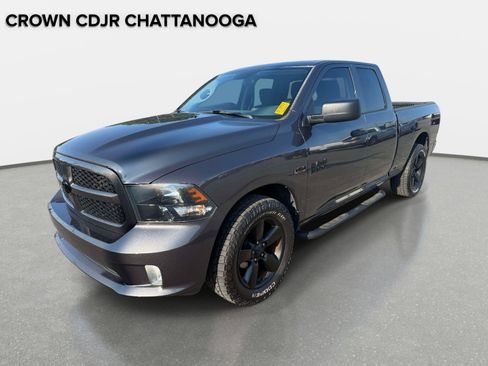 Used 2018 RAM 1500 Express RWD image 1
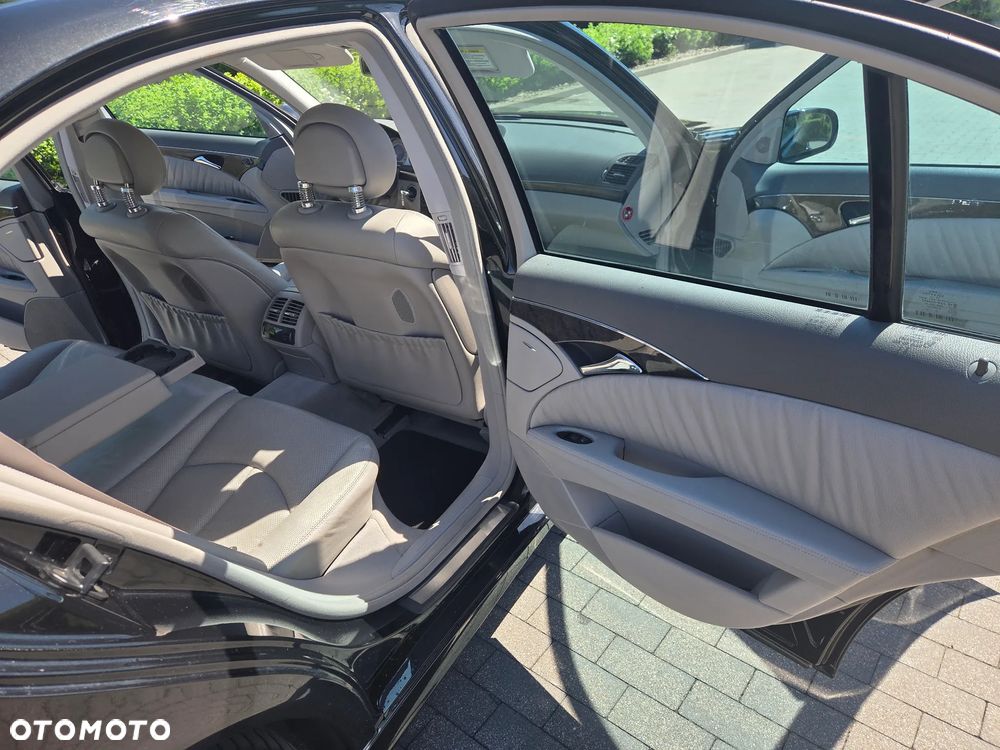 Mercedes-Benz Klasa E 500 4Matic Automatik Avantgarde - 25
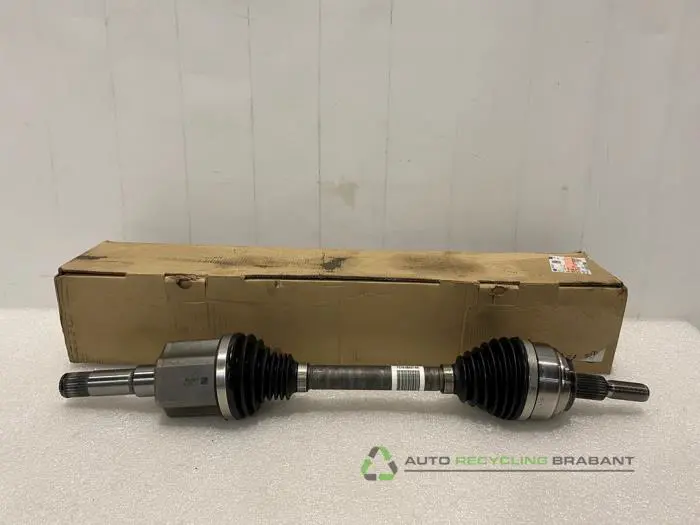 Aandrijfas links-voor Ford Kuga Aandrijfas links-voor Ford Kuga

····················

Your goal: Begin with the line that contains "Mercedes-Benz Klasa E" and copy every line through the end of the listing, exactly as written, both ends included. Pictures are not part of the copy.

Response for this exercise:
 Mercedes-Benz Klasa E 500 4Matic Automatik Avantgarde - 25
 Aandrijfas links-voor Ford Kuga Aandrijfas links-voor Ford Kuga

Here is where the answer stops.